Meneé la cabeza sin dejar de aporrear el teclado.

—Quiero que te calles, te sientes y te pongas manos a la obra. Tenemos trabajo.

En la vida a todos nos llega ese momento decisivo, ese instante en el que nos damos cuenta de que estamos a punto de tomar una decisión que repercutirá en todo lo que vendrá a continuación y de que si nuestra decisión no es la correcta, podemos acabar en un callejón sin salida. A veces, la decisión incorrecta es la única que nos permite enfrentarnos al final con dignidad y sabedores de que hemos hecho lo que debíamos.
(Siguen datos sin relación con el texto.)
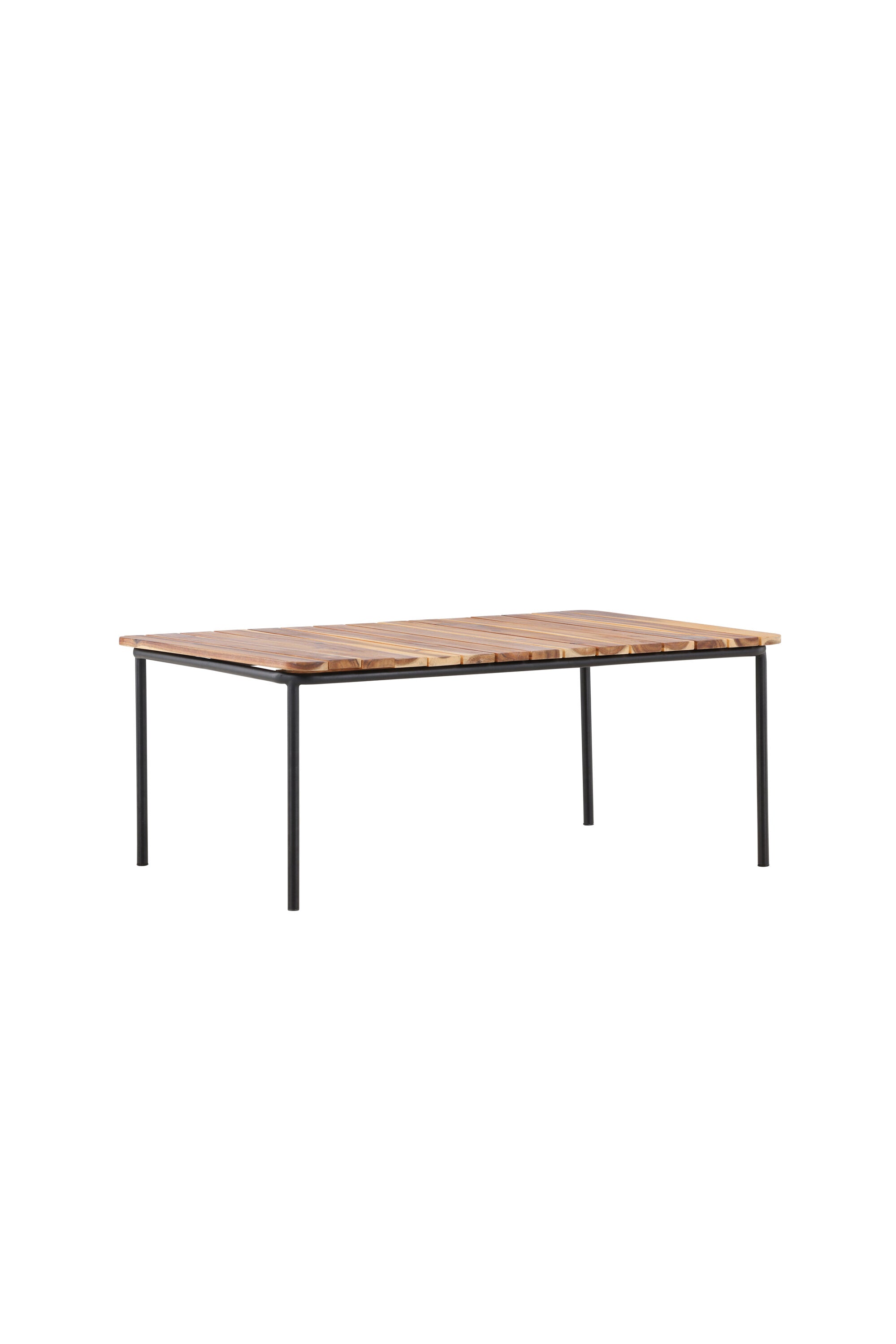 Penh Loungetisch in Natur präsentiert im Onlineshop von KAQTU Design AG. Loungetisch ist von Venture Home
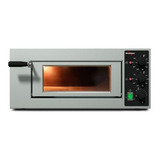 Forno De Lastro Analógico Pizza Flp 400a 220v Skymsen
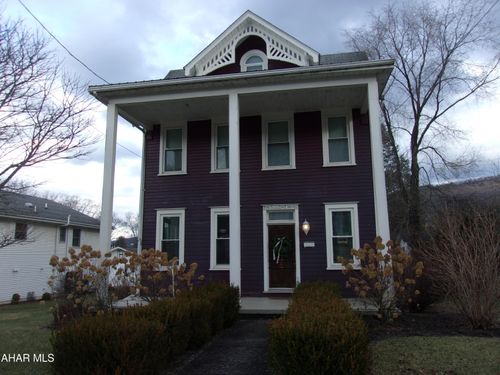 507 S Richard St, Bedford, PA, 15522-1844 | Card Image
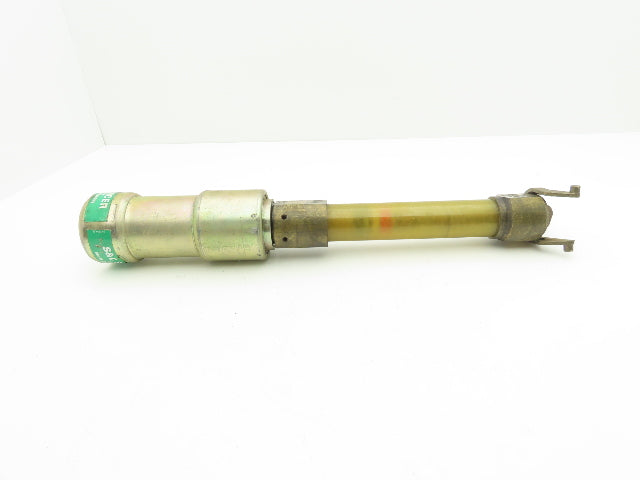 S&C 86801R2 Snuffler Indoor Power Fuse Holder 7.2-8.25kV 200E Amperes Max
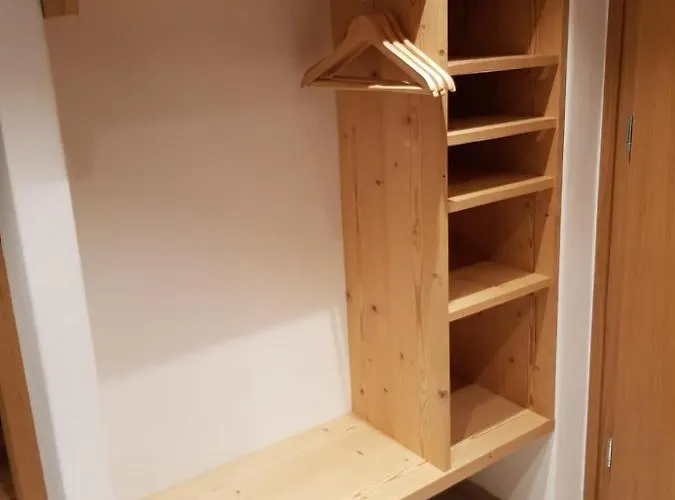 Apartamento Guggerzyt Grindelwald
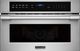 Frigidaire Professional® 1.6 Cu. Ft. Stainless Steel Electric Speed Oven-0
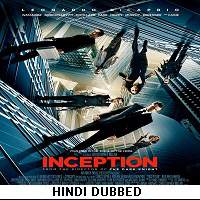 inception 2010 hindi dubbed full movie Inception (2010) Hindi Dubbed Full Movie Watch Online HD Print Free Download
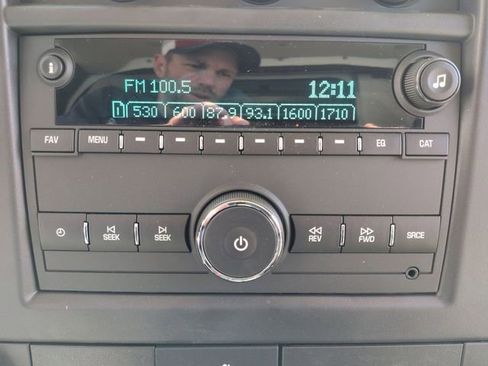 New 2025 Chevrolet Express 3500 w/ Power Convenience Package image 5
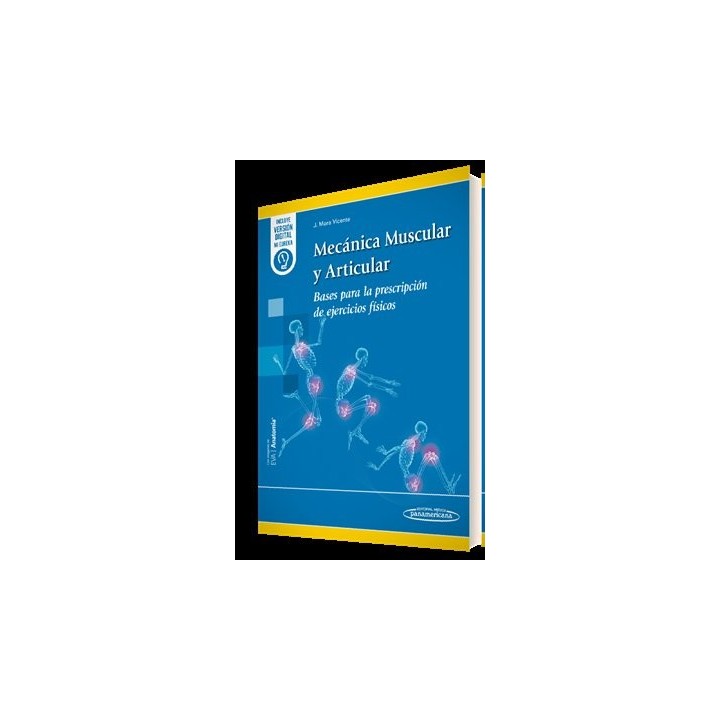 MECANICA MUSCULAR Y ARTICULAR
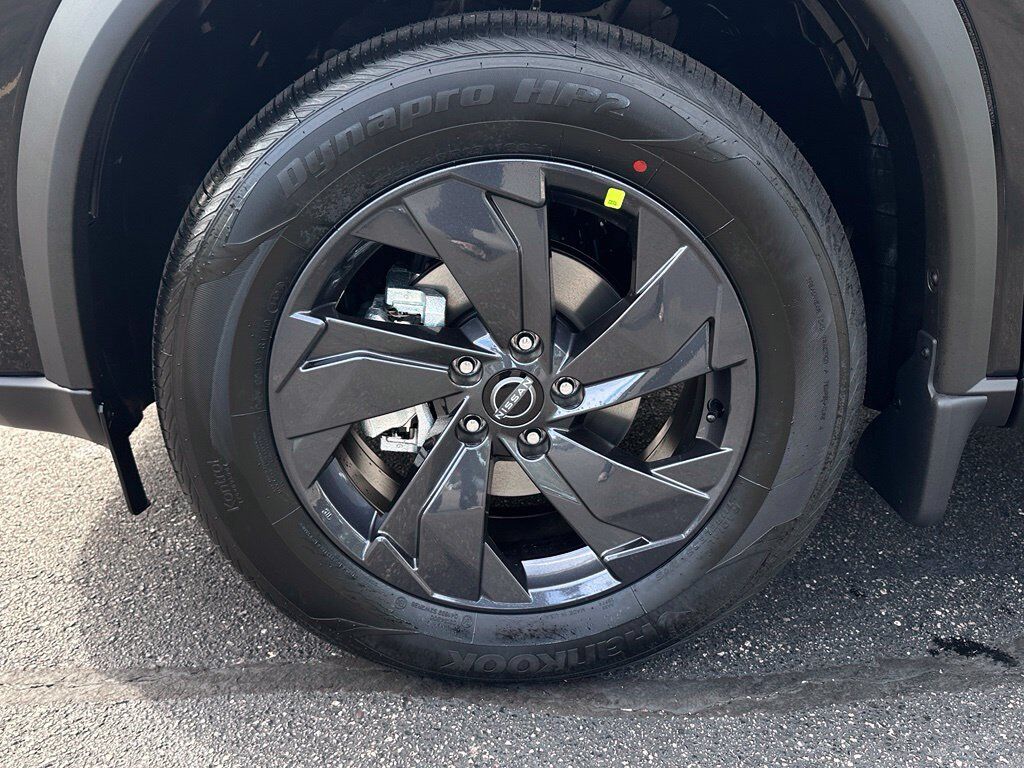 2027 Nissan Rogue Rock Creek San Clemente CA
No estoy segura de que podamos reconocer esos momentos decisivos hasta que ya han pasado. ¿Acaso el mío fue el día que decidí convertirme en periodista? ¿O el día que mi hermano y yo nos registramos en una feria de empleo y conocimos a una chica que quería que la llamaran Buffy? ¿O quizá el día que decidimos presentarnos al concurso para ser el equipo de blogueros que cubrirían la campaña de Ryman, el trabajo ansiado por cualquier periodista?

Tal vez fuera el día que nos dimos cuenta de que probablemente eso era lo último que haríamos… y decidimos que nos daba igual.

Me llamo Georgia Mason. Mi hermano me llama George.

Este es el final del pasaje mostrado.